I hope the photos show that the model, while very detailed and finely sculpted, still leaves enough room for the painter’s imagination and skill. The model will surely be enjoyable to paint.
I must also say that the resin used here was of very high quality again, no air bubbles. I even thought the models may be the most flawless models I have ever held in my hands!
But wait, can the picture be all that perfect?
Can it be that these miniatures were the closest to perfection of all the miniatures I had a chance to see?
The answer is… YES and NO.
Let me try to explain:
Take a look at the Sherlock Holmes miniature. The photos here are strong close-ups, so you can see the quality of the sculpt and of the casting I received. They also show the face of Sherlock from several angles, the buttons of his coat (which are pretty subtle, so some attention will be needed to paint them well) and other details.
When you compare the detailing of this resin copy to the original sculpt you will see how well resin captured and copied all the details. The only softness of details occurs only when the original sculpt was also soft in these places.
I could not find a single flaw of this casting. No bubbles, no flash, no mold lines. Of course there are some “sticks” marking the places where resin was injected into the mold, but these are technologically obvious and couldn’t be considered flaws by me.
The model was very good. Probably the cleanest casting I can recall, and I think I’ve seen quite a few already. Just a few days ago I saw another resin model which is at least comparable or maybe better, but it is in a completely different scale and will be described in a separate review.
Was Henrietta cast as well as Sherlock?
Take a look at this photo:
I marked two ends of a mold line. Not that it is very bad, it would be very simple to remove – several straight moves with sand paper or a soft file and you’re done with cleaning it, but there was nothing like that on Sherlock.
Moving on to another angle we also see a problem on the other side:
See what I mean? Another slight roughness.
Of course I would be absolutely happy to receive all my miniatures in this quality and requiring only so much preparation before painting. I am accustomed to miniatures which require some preparations: cleaning flash and mold lines with a scalpel, then moving on to sanding and finally polishing with steel wool or polishing sticks. Here you need to do so much more that the miniatures don’t deserve to be called anything but very good.
But wanting to remain objective and honest, I tried to find ANY flaws. And I hope this makes the review even more valuable.
And here’s the same thing you already saw, but this time from another angle. It also reveals a mold line on her leg, too.
So no, I cannot call the copy of Henrietta Jekyll flawless, but it still is one of the best miniatures, which can be considered perfect after a few moves of a file or scalpel.
Infamy Miniatures provided some of the best quality castings I had pleasure of seeing!
Infamy Miniatures review – final verdict
Now you may wonder what is my final opinion about these models. Well, I must say I was very impressed – both with the concepts, good representation of concepts in 3d miniatures, great detailing, and nearly perfect casting quality.
Now there’s one thing that may discourage you a bit: money.
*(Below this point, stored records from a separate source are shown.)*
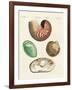 Strange Snails and Clams-null-Framed Giclee Print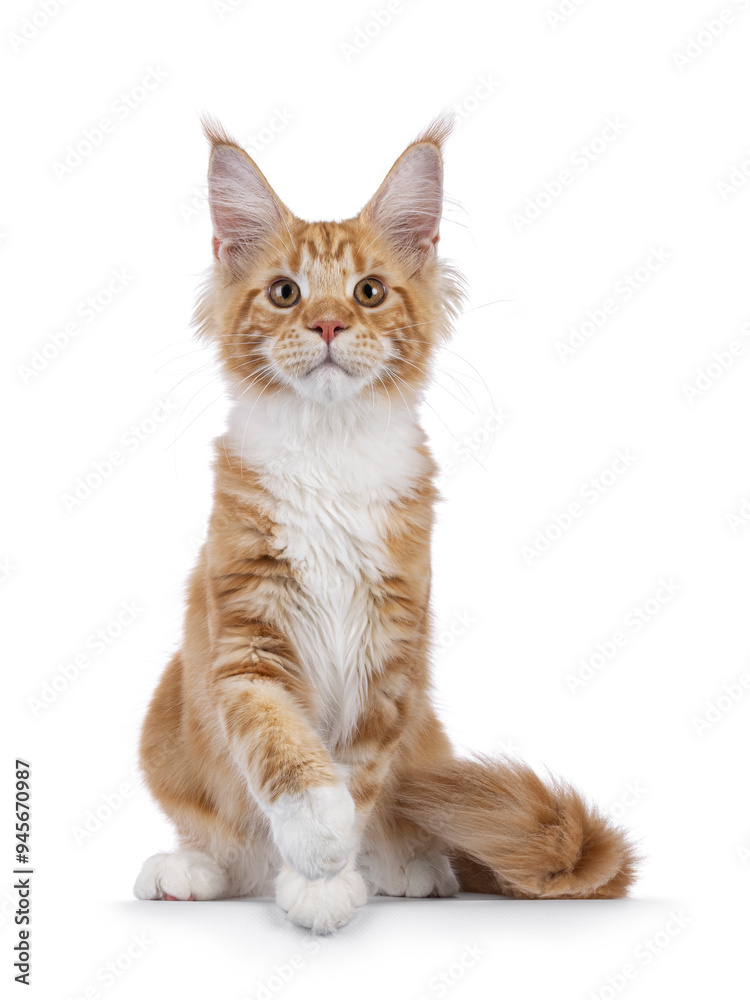 Adorable red with white Maine Coon cat, sitting up facing front. Looking to camera with sweet expression. One paw playfully up. Isolated on a white background. Adorable red with white Maine Coon cat, sitting up facing front. Looking to camera with sweet expression. One paw playfully up. Isolated on a white background.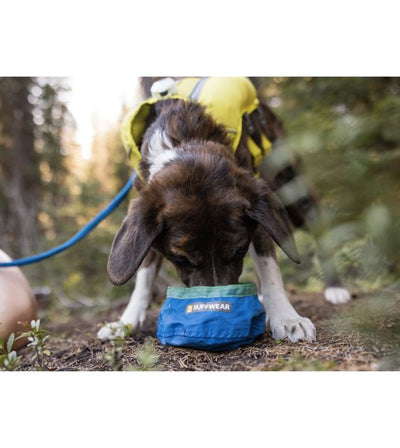 Ruffwear Trail Runner™ Ultralight & Packable Dog Bowl (Blue Pool) - Good Dog People™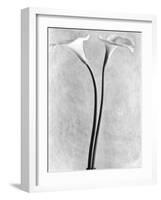 Calla Lilies, Mexico City, 1925-Tina Modotti-Framed Photographic Print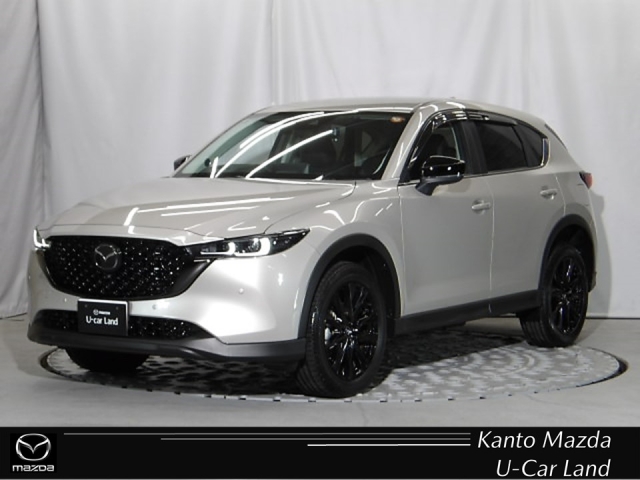 新着中古車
These models are not cheap. Sherlock Holmes costs 13.99 GBP, and Henrietta Jekyll is priced only 1 GBP lower (ie. at 12.99 GBP). These are not the cheap plastic models some of us may be used to working with. These are high quality models that will be enjoyable for many painters and will surely look nice in display cabinets. Of course they may be used for gaming, but then you need to bear in mind that you’re paying for quality toys.
Now that you know the positive and negative things about the models from Infamy Miniatures I had a chance to review, I would like to recommend these models to you. Manufacturers of good and interesting miniatures need support, so let’s help them!
Thanks to James of Infamy Miniatures for providing the models for this review and good luck with your future releases!